Circ Res. 2026 Mar 20. doi: 10.1161/CIRCRESAHA.125.327107. Online ahead of print.
ABSTRACT
BACKGROUND: Given the persistently high morbidity and mortality of heart failure (HF), targeting myocardial remodeling, particularly pathological hypertrophy and fibrosis, has become a major therapeutic priority. RhoA (Ras homolog gene family member A), a small GTPase governing cytoskeletal reorganization and cell migration, plays a pivotal role in this process. However, RhoA has long been considered undruggable because of its high-affinity binding to GDP/GTP and the absence of well-defined druggable pockets.
METHODS: Structural analyses comparing RhoA-GTP and RhoA-GDP conformations, combined with surface plasmon resonance-based screening, were used to identify a RhoA inhibitor. The underlying mechanism was validated in cultured cells and 3-dimensional myocardial tissue models. Therapeutic efficacy was assessed across multiple species of HF models and supported by multiomics analyses linking RhoA activation to human HF. Key findings were further confirmed by multiplex immunohistochemistry and pulldown assays in human heart specimens.

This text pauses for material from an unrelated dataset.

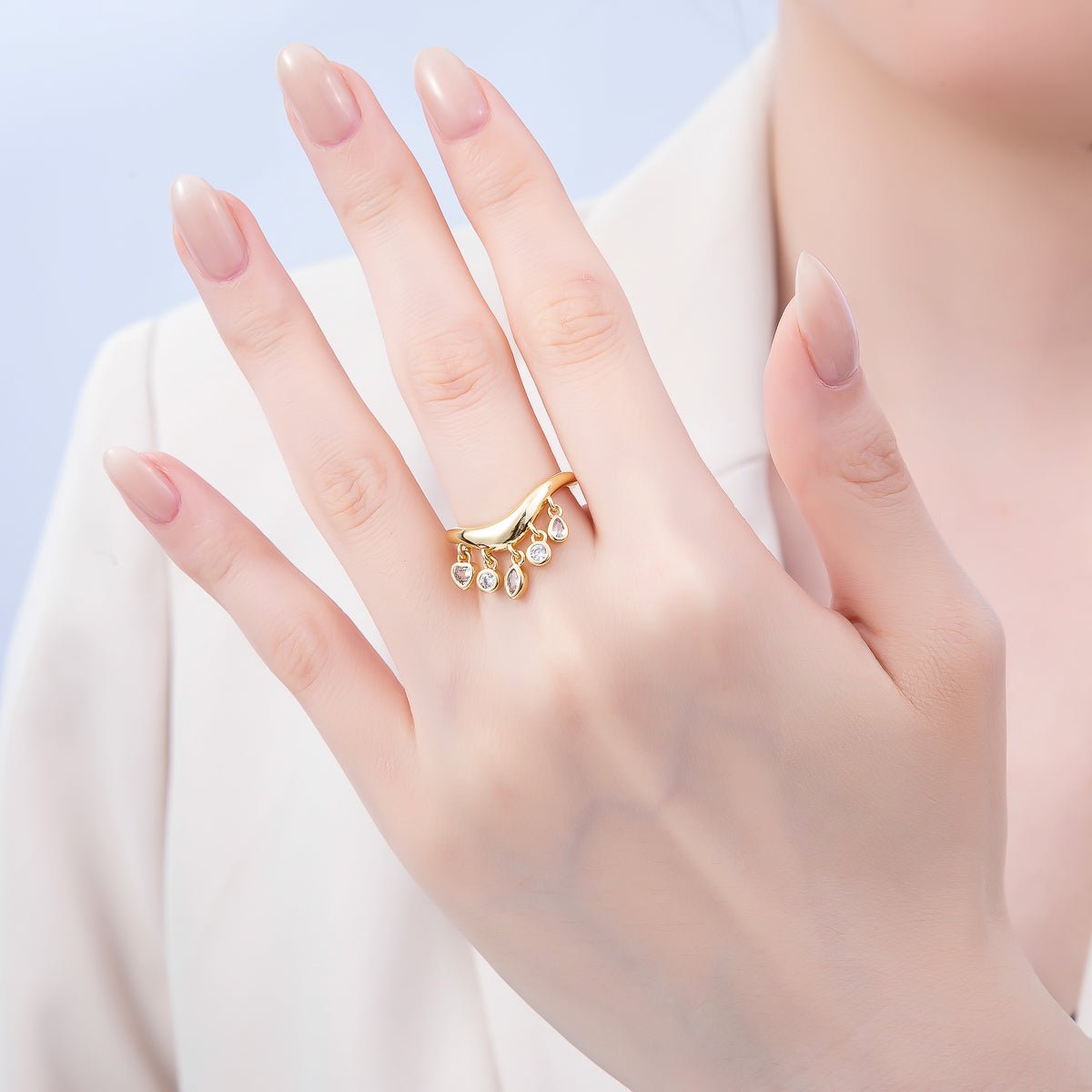 16K Gold Filled Clear CZ Drop Geometric Curved Ring | Rings - 00075 - DLUXCA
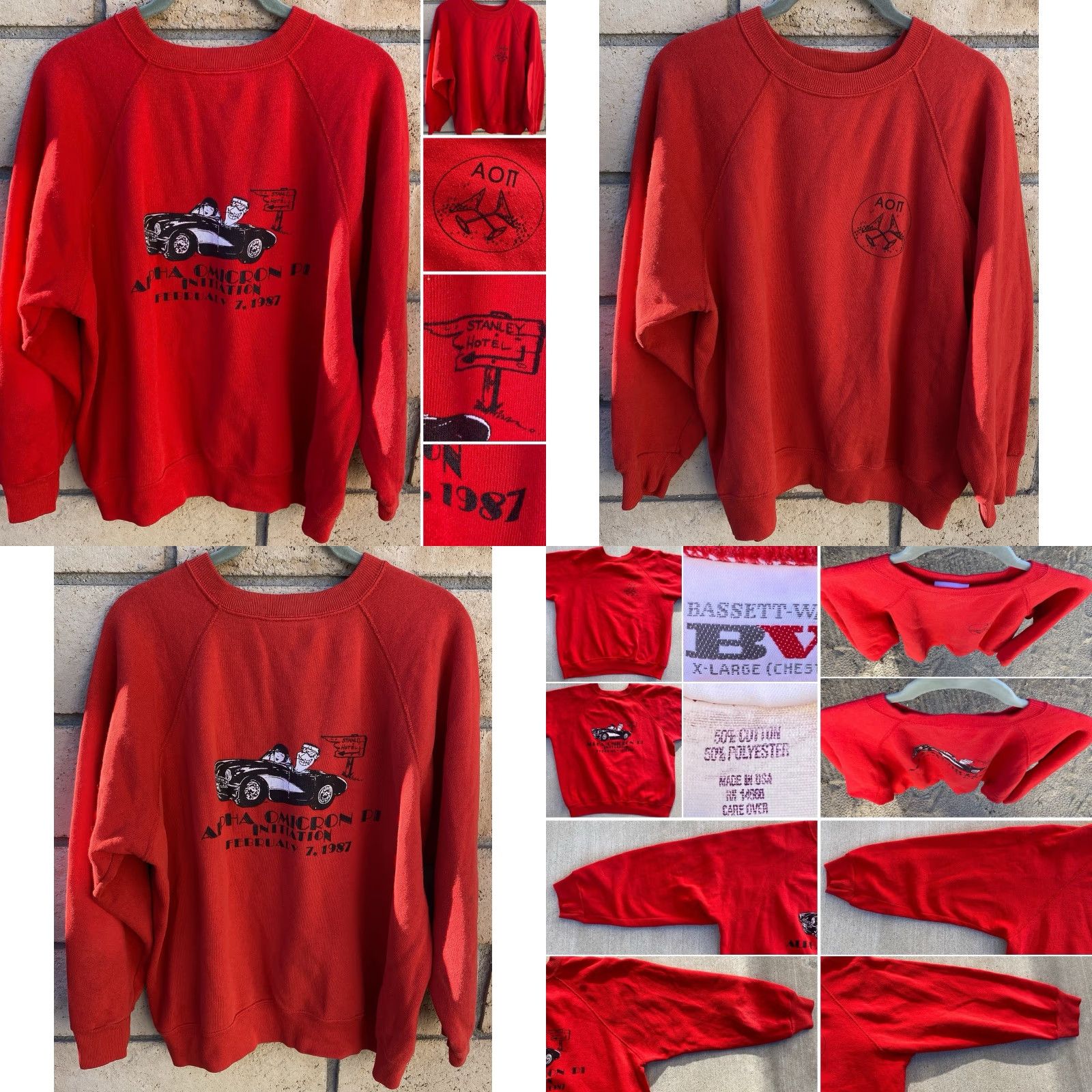 Vintage VINTAGE Alpha Omicron PI Initiation February 7 1987 Raglan Sweatshirt Size XL Red Graphic Print Men Pullover 80s University Cars"} Size US XL / EU 56 / 4 - 9 Thumbnail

RESULTS: We identified an unrecognized cryptic pocket adjacent to GDP in RhoA. A natural product, AH001, selectively occupied this pocket and interacted with GDP, thereby stabilizing the interaction between RhoA and its endogenous inhibitor, RhoGDIα (Rho GDP-dissociation inhibitor 1). AH001 suppressed downstream signaling by reducing MRTFA (myocardin-related transcription factor A) nuclear translocation and downregulating fibrosis- and hypertrophy-related proteins. Moreover, AH001 disrupted pathological crosstalk between Mrtfa+ cardiomyocytes and fibroblasts. Consequently, AH001 markedly attenuated myocardial remodeling in multiple HF animal models, as well as in 3-dimensional myocardial tissue models.
CONCLUSIONS: These findings establish pharmacological inhibition of RhoA activation as a viable strategy to mitigate myocardial remodeling in HF and provide a conceptual framework for developing reversible inhibitors against previously undruggable small GTPases.